The new control scheme works pretty well once you spend some time with it, but to look left or right without shooting, you have to activate a “safety” button on the bottom of the screen. This is not a good option when you’re frantically running while trying to conserve your special ammo like rockets or spread guns. A mechanic where you could drag anywhere on the screen to look around, like in the shooters NOVA and Brothers in Arms 2, would have made more sense to us.

Speaking of weapons, we were disappointed that they’re so bland in this prequel. The first Battle Bears featured a strikingly unique arsenal, which included a unicorn horn crossbow and Huggable-powered flamethrower. Here, you’ll find some new powerups that match the action, like a portable shield, orbiting drone, and screen-clearing nuke, but there’s nothing that defines Battle Bears like the first game did.

Boss’s face obscured to protect its identity.

Also, Oliver’s entire mission is composed of one series of rooms, which all look nearly identical. You can choose your path, a nice touch reminiscent of the arcade classic Smash TV (Survival mode even jokingly references that game’s goofy prizes, like a jet ski). But after one big boss battle and a final cinematic, the game is over.

You can pay an additional $.99 for another mission of equal length starring Oliver’s buffed-out buddy Riggs, and it might be worth the dollar just for the boss battle against a giant, squid-like mutant. But Riggs has his own issues– he’s too tall to aim at squat, nearby Huggables, and unlocking his mission offers no new powerups or enemies except the boss.

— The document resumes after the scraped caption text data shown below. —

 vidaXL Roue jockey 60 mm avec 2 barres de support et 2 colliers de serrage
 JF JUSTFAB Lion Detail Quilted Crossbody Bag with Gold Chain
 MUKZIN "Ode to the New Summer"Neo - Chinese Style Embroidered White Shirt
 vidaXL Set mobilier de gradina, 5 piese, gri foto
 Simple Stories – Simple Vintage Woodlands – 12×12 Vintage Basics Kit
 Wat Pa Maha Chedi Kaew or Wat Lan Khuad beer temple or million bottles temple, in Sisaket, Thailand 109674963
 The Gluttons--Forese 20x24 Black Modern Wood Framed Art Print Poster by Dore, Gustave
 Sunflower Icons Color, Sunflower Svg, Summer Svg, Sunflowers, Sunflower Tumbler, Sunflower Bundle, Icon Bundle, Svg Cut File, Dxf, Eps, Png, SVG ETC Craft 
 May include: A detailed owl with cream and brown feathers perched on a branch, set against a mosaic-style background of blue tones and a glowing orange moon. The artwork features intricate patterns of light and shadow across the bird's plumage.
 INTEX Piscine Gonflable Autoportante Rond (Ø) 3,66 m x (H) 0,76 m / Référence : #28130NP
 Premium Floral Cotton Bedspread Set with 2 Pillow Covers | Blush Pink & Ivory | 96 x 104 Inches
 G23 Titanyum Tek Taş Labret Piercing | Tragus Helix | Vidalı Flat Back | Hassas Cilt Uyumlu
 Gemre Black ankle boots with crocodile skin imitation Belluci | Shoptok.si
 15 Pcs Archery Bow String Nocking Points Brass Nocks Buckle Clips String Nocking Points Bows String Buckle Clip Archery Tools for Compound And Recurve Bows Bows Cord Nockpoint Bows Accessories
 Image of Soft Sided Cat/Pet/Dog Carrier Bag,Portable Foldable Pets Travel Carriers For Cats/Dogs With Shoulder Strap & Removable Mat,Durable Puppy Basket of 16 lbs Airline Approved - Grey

Battle Bears -1 is an interesting direction for the series to take. We are happy with the fast-paced action, and the game is technically impressive, sporting dozens of enemies onscreen without a hitch. But it seems to have lost some of the creativity of the first game, coasting on classic videogame and movie tropes instead of defining its own. Chronologically, it’s two steps backwards, but it’s also one small step backwards in terms of creativity.